Вдыхая вонючий пар, он думал, что не заметил, как Габриэль выросла в Руфину от которой тоже не было спасения, когда она принималась его лечить.

Отняв голову от остывшего ведра, он увидел, что сестра читает его работу для Лонергана, сидя на табурете. Или, скорее, делает вид, что читает, игнорируя таким способом Яна, который, не отлипая от стены, иронически смотрел на неё.

Наморщив лоб, Габриэль сказала:

– Полная скука это ваше естествознание, не то что медицина. В жизни никогда не буду этим заниматься!

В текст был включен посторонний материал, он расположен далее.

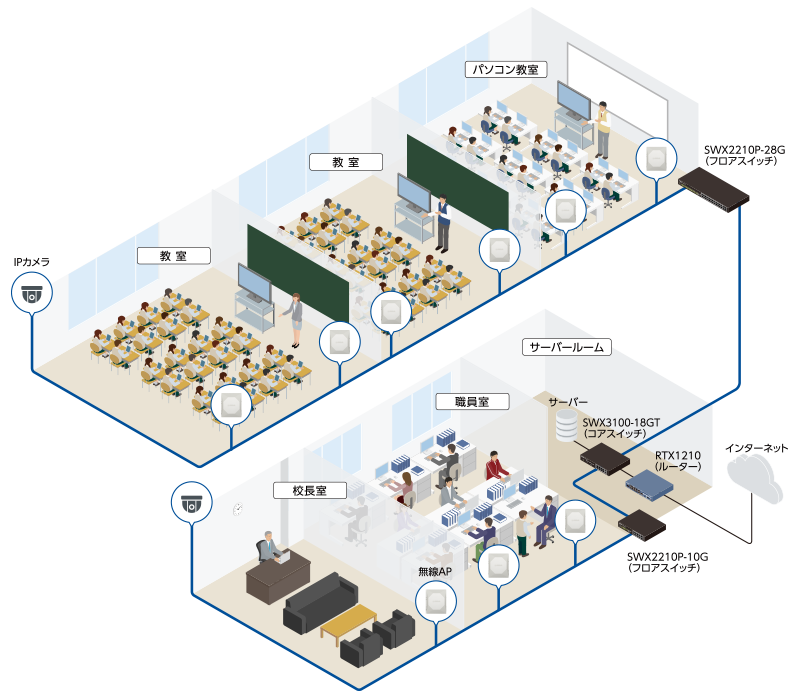 中規模学校ネットワーク構成例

Она положила листы обратно на подоконник и потрогала воду в ведре.

– И слава Одину, – вырвалось у Яна.

Габриэль только фыркнула высокомерно. Она помогла Филю забраться в постель и укрыла его одеялом до подбородка. После чего засунула ему в обе ноздри по кусочку тряпки, смоченной в камфаре, мимоходом стукнув его по рукам, когда он хотел воспротивиться.

– От этого не помрёшь. Дыши ртом!

Третий раз за вечер у Филя густо потекли слёзы. Он услышал, как зазвенели собираемые со стола склянки, затем хлопнула дверь.

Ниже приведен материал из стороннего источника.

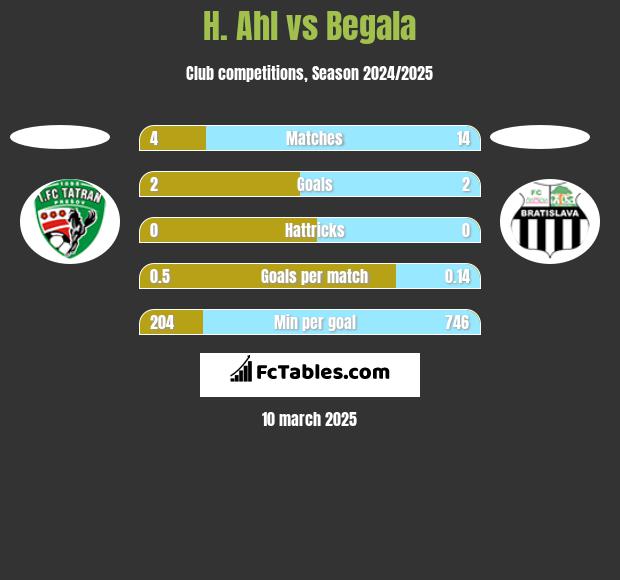 H. Ahl vs Begala h2h player stats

Осенённый надеждой, он прогундосил:

– Ушла?

– Ушла, – выдохнул Ян с облегчением.

Филь выдернул тряпки из носа, внутри которого, казалось, развели костёр. Ян, замерев у стены, задумчиво смотрел на дверь.

– Эту девушку, – проговорил он, словно отходил от тяжёлой болезни, – надо засылать в стан врага для его морального устрашения… – Он потряс головой. – Дай мне, пожалуйста, своего Успокоителя, а то твоя сестра настолько меня утомила, что я еле стою на ногах. А мне ещё четыре работы писать!

– В тумбочке, – сказал Филь, которого стало сильно клонить ко сну.

Четыре работы Яна означали, что тот будет сидеть со свечой до утра, поэтому он завернулся в одеяло, накрылся им с головой и через минуту уже спал.

Его разбудило ощущение приближающейся опасности, потом раздался сигнал бедствия. Вытаращив глаза, Филь сел в постели. Светлый прямоугольник окна подсказал ему, что день давно наступил, и ощущение опасности превратилось в панику. Соскочив с кровати, Филь сбил набок ведро, про которое забыл, и растянулся на мокром полу.

– Ян, Филь, вставайте! – кричали за дверью. – Обед уже на дворе!

Кровь бросилась Филю в лицо: «Естествознание!» Если они умудрились пропустить его, профессор Лонерган запрёт их с учебниками в Печальный карцер, где, кроме скамьи, стола, стула и бумаги с графитом, не было ничего. Правда, там было тепло – не то что в холодном колодце.

– Ян! – взревел Филь, бросаясь к двери. – Мы опоздали!

– Как это может быть? – с трудом выговорил тот, отрывая голову от тумбочки со сгоревшей свечой. Судя по всему, он заснул посреди писанины, сидя на кровати.

Проспать утренние занятия в Алексе было трудно: Башенная площадь находилась под окнами обступивших её дормиториев, а колокол на Сигнальной башне, которым созывали на занятия, был самым большим из висевших там двух колоколов.

Филь распахнул дверь и увидел за ней встревоженных Анну с Метой.

– Вас не было на морали и праве, – сказала Мета. – Что случилось?

– Как тут у вас… мокро, – сказала Анна, с любопытством глядя себе под ноги. – И какой свежий запах!

На полу растекались лужи в чёрных разводах от графитовой пыли. Вкусно пахло травами.